Snapshots
© St. Petersburg Times, published March 21, 2003
I guess it all started with Fran Drescher and Beck.
Back in 1994, a few friends and I gathered at the old Damon's on Fowler Avenue to watch the first day of the NCAA Tournament. The whole day. Little did we know that nearly 10 years later we would have a new tradition and a cache of memories.
Yeah, it sounds a little crazy to watch basketball from noon to midnight, but I don't hunt, fish or golf. And really, this day is about so much more than basketball.
It's about Drescher, who capsulized the fun of that first day without even knowing it. During every commercial break, CBS ran a promo for Drescher's The Nanny. Soon, I started standing up every time I heard her nasally voice and shouting "The Nanny." After a while, everybody around me was doing the same thing.
Beck came into play because while we watched games, we also played NTN trivia. Our name on the television screen? The Losers, and we chanted the song Loser every time we got a question right.

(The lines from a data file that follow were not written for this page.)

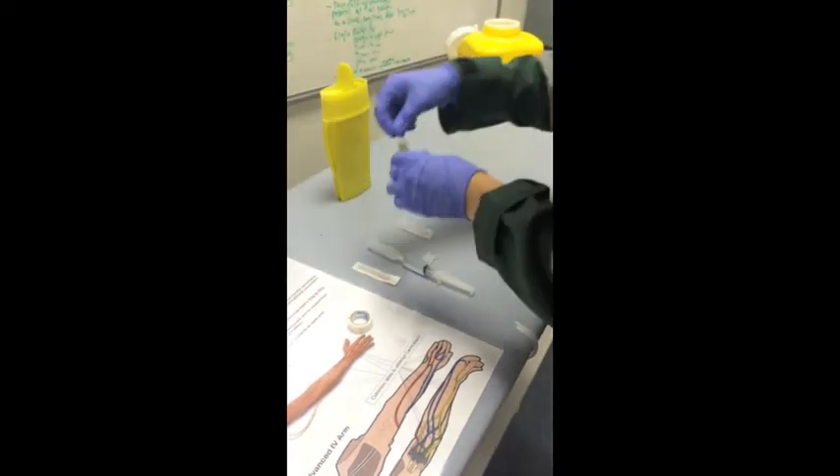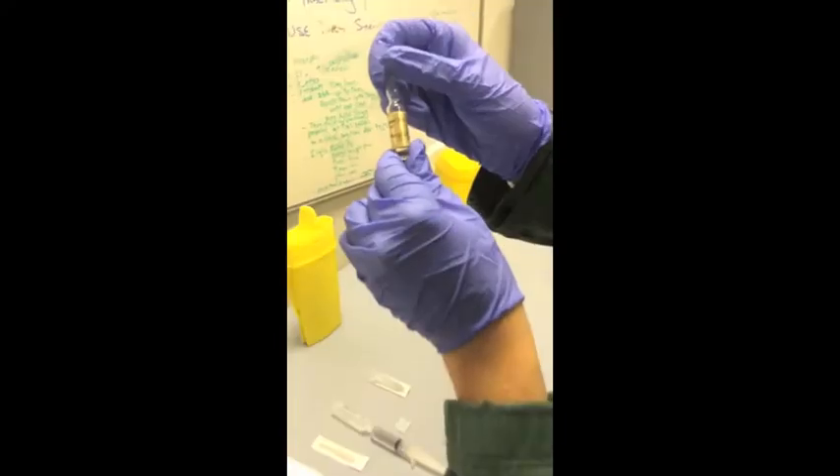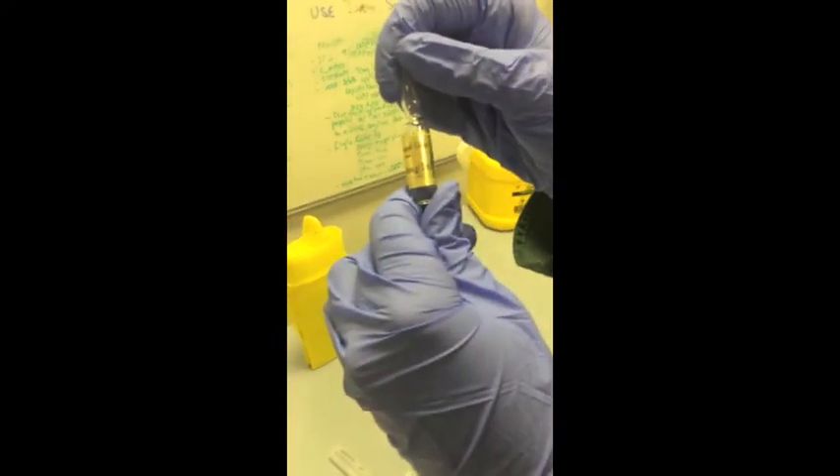I then check the medication: 100mcg of fentanyl in 2ml, with the expiry in 2019.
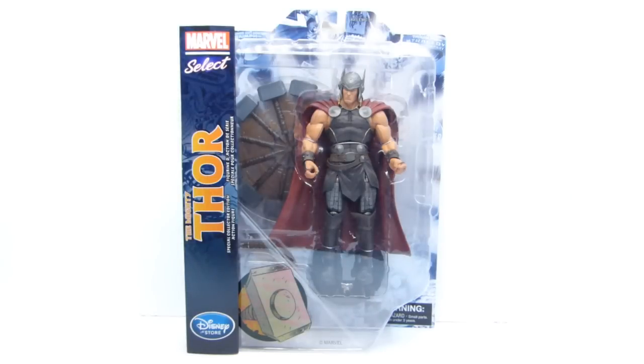Next from Marvel Select we have the Mighty Thor. Very, very excited to get this figure. If you saw my previous news video, I think I was the first person to talk about this figure on YouTube. A buddy of mine who goes by Adam Warlock on YouTube was at Disneyland, walked past the Disney Store and saw this guy, grabbed him and posted some pictures on Facebook, and let me use those pictures in my news video. Right away I knew this was going to be a badass figure, so I went online and ordered him. The bad news is that it is a Disney Store exclusive, but you can order him through Marvel.com, which is where I got him.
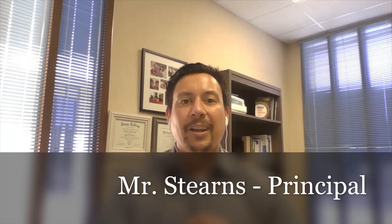Hi Cottonwood Cubs! We are sure getting close to March 29th when we will welcome back our TK, kindergarten, first, and second grade students back on campus. We wanted to make a video to show you how you'll get to your classroom, but also go over some quick announcements.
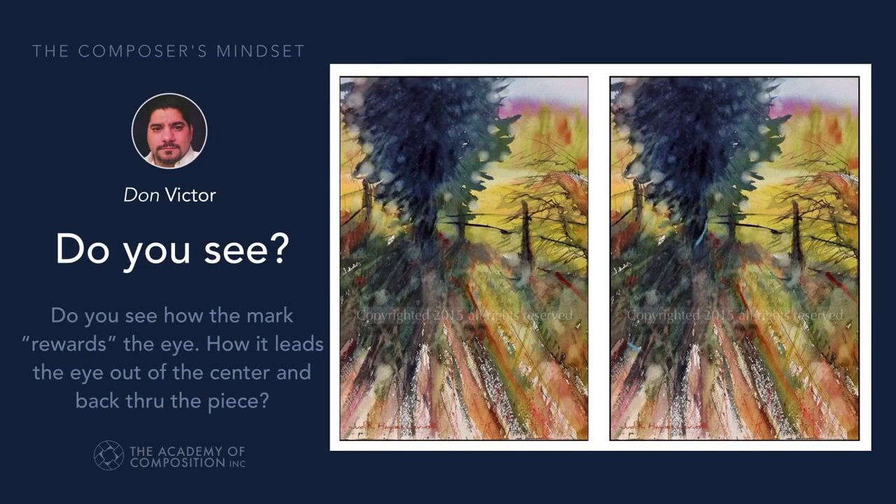We looked at Judith's work and figured out that if your eye got trapped in a certain area, how do you get it out? In this case, we just used a little mark, and boom — we were out. You saw that.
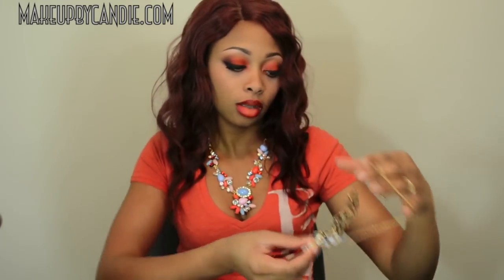This giveaway is going to be going on for two weeks. The rules are in the information box — that's all you have to do. Main thing: make sure you subscribe to me, make sure you like the video, and just leave a comment telling me what your favorite piece of jewelry is to wear — whether it's a necklace, a midi ring, a chain necklace, a chain bracelet, earrings, whatever.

From that day forward, we pledged to gather every year on the first day of the tourney. And we have, except for the year I went to Atlanta for first- and second-round games and ended up talking to Robert "Tractor" Traylor's grandmother.
But that's another story.
Times colleague Mike Readling has been there from the beginning, and he has the shirt to prove it. Once, after we moved to the Damon's on Courtney Campbell, Mike befriended a huge group of Dayton fans. There was no way we could cheer against the Flyers while sitting among them, and the Ohio fans were so grateful one literally gave Mike the shirt off his back.
Mike wears it only once a year -- tournament day.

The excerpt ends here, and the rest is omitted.